I recently noticed two different television series using the exchange of the Sign of Peace as a emblematic image of what Christians do in church. In the animated tragicomedy BoJack Horseman, the title character, in his ongoing arc of existential self-loathing, ends up attending a recreated church service in something like Colonial Williamsburg (except it’s for for anthropomorphized horses) that culminates in the sign of peace, a practice with which BoJack is clearly unfamiliar and which leaves him contemplating the possibility that it might just be possible for him to find peace and release from his own self-loathing. In the equally tragicomic Fleabag, the never-named protagonist , who uses sex as a way to numb her sense of emptiness and guilt, falls in love with a Catholic priest and finds herself—a self-professed atheist—doing odd things like attending Mass and engaging in the strange practice of shaking hands with strangers and wishing them peace.
It is worth noting that this is a practice that, in its current form of a handshake accompanied by a verbal wishing of peace, is a largely modern invention, an attempt by the modern liturgical movement to recreate something like the early Christian Kiss of Peace. Those who deride modern liturgies as “fabricated” might present the Sign of Peace as Exhibit A, since it is not something that arose from popular practice and has at best an indirect connection to historic practice. But whatever its provenance, the Sign of Peace seems to have become in the popular imagination a distinctively Christian and Catholic ritual, no less than veiled nuns and altar boys ringing bells. It is one of those weird things that Christians do.
I think there is something to the fact that this practice features in shows in which the main characters struggle with immense guilt and self-hatred, and which are largely populated by people who, while they may love their family and friends, seem to be incapable of giving expression to that love.
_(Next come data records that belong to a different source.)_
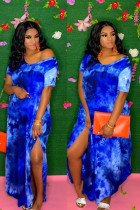 Blue Casual Short Sleeves V Neck Straight Ankle-Length Print Tie and dye Dresses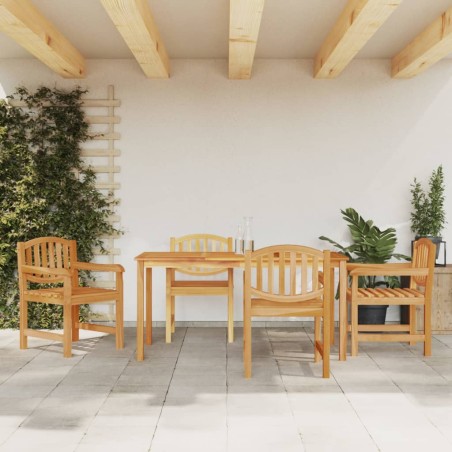 vidaXL Juego de comedor para jardín 5 piezas madera maciza de teca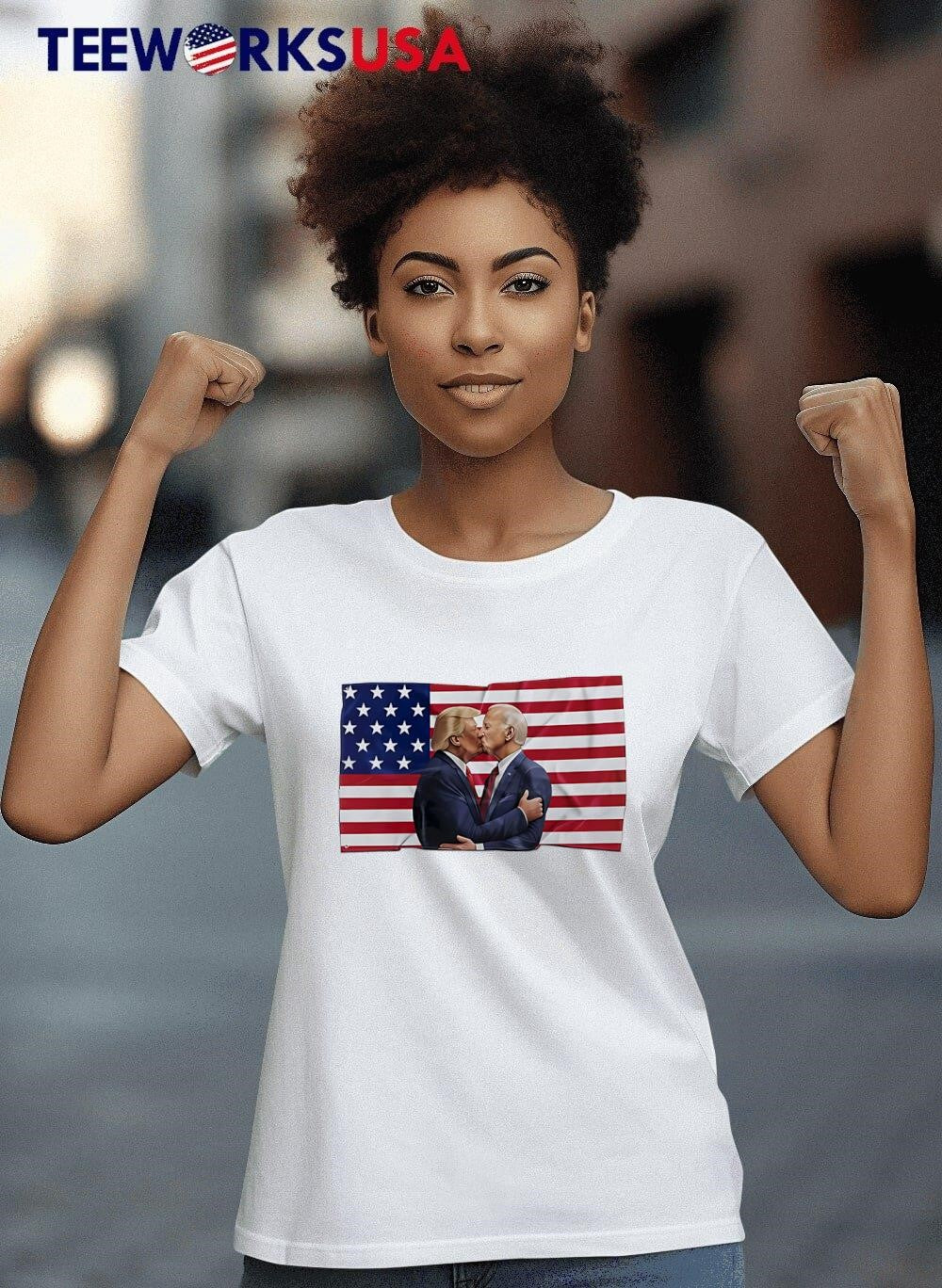 Donald Trump x Joe Biden America Flag For President - Adult & Kids T-Shirts, Sweatshirts & Hoodies apparel design preview 4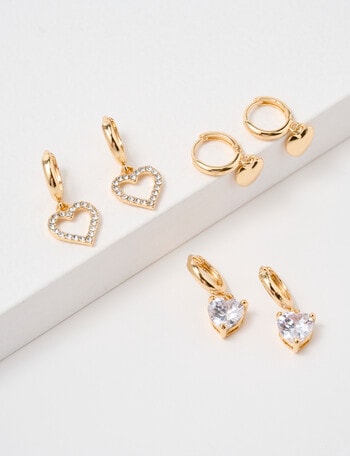 Harlow Heart Drop Earrings, 3-Pack, Gold Tone product photo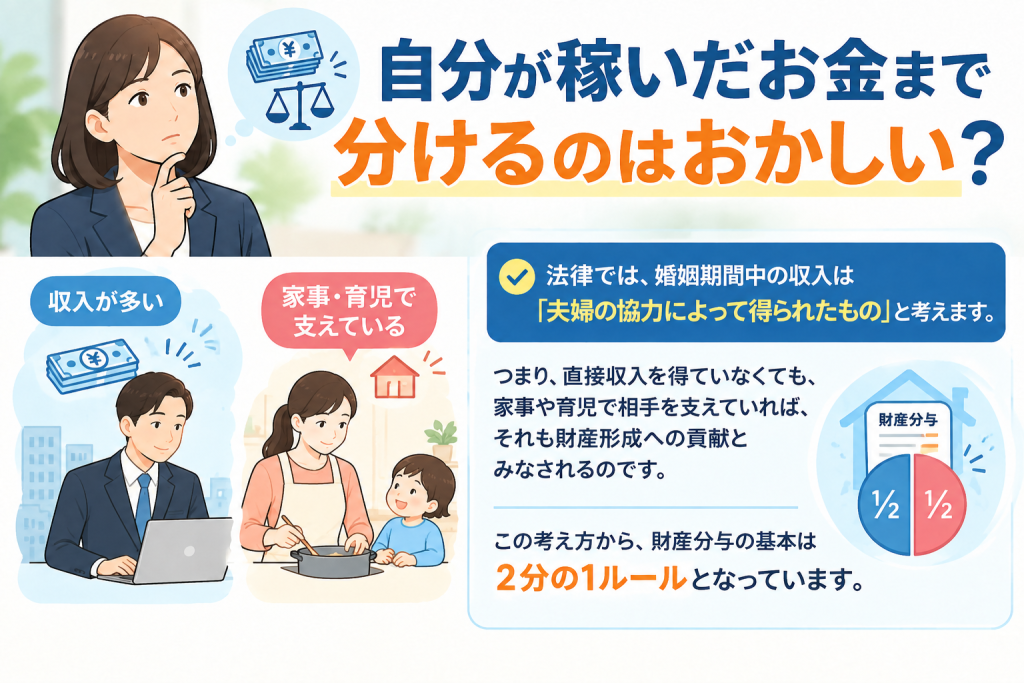 自分が稼いだお金まで分けるのはおかしい?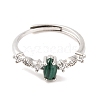 Horse Eye Natural Malachite Adjustable Rings RJEW-Q817-02P-06-2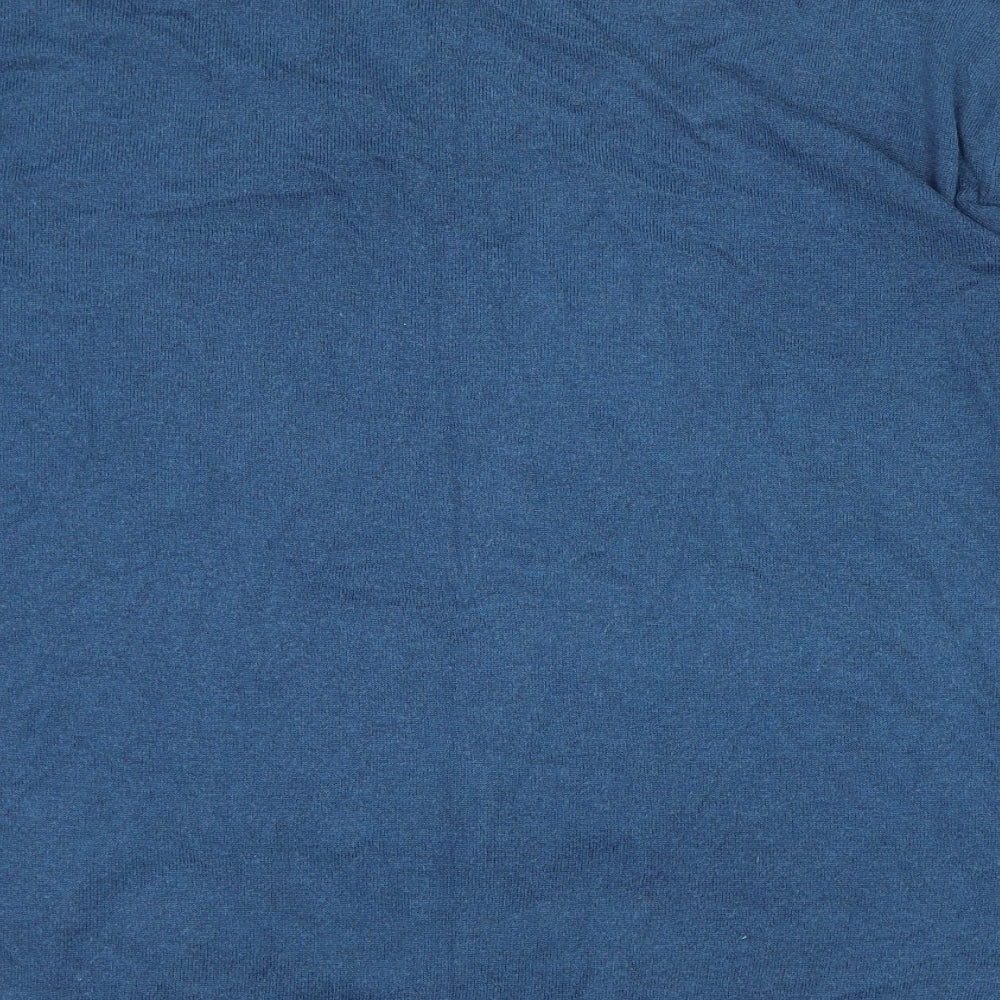 H&M Mens Blue V-Neck  Polyester Pullover Jumper Size L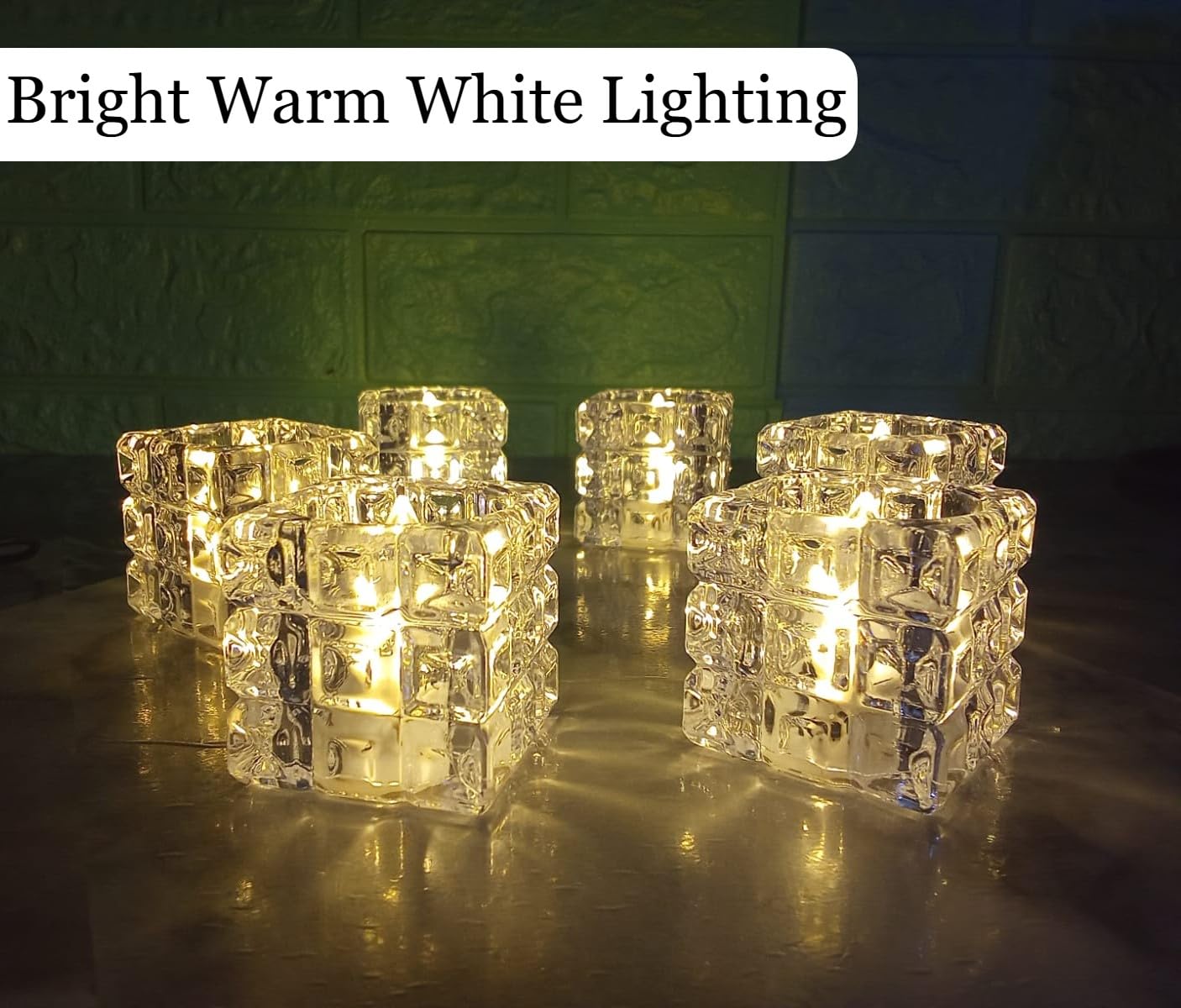 10836 Creative Square Block Shape Warm White Lighting LED Candle Flameless & Smokeless Battery-Operated Fancy Crystal Tealights Diya for Home Decor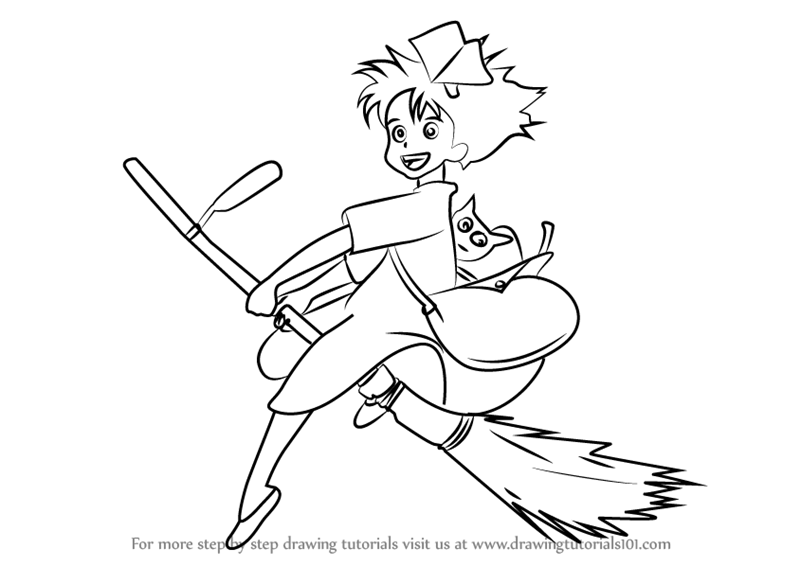 800x566 learn how to draw kiki from kiki's delivery service - Service Drawing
This simple—and some critics might even say banal—Christian practice clearly speaks to the writers of these shows as something found within churches that speaks to the anguish of the human condition. In an age when so much Christian practice seems irrelevant and incomprehensible to the wider culture, it is at least worth noting that this particular practice, fabricated or not, speaks a word to that culture of hope for healing and forgiveness.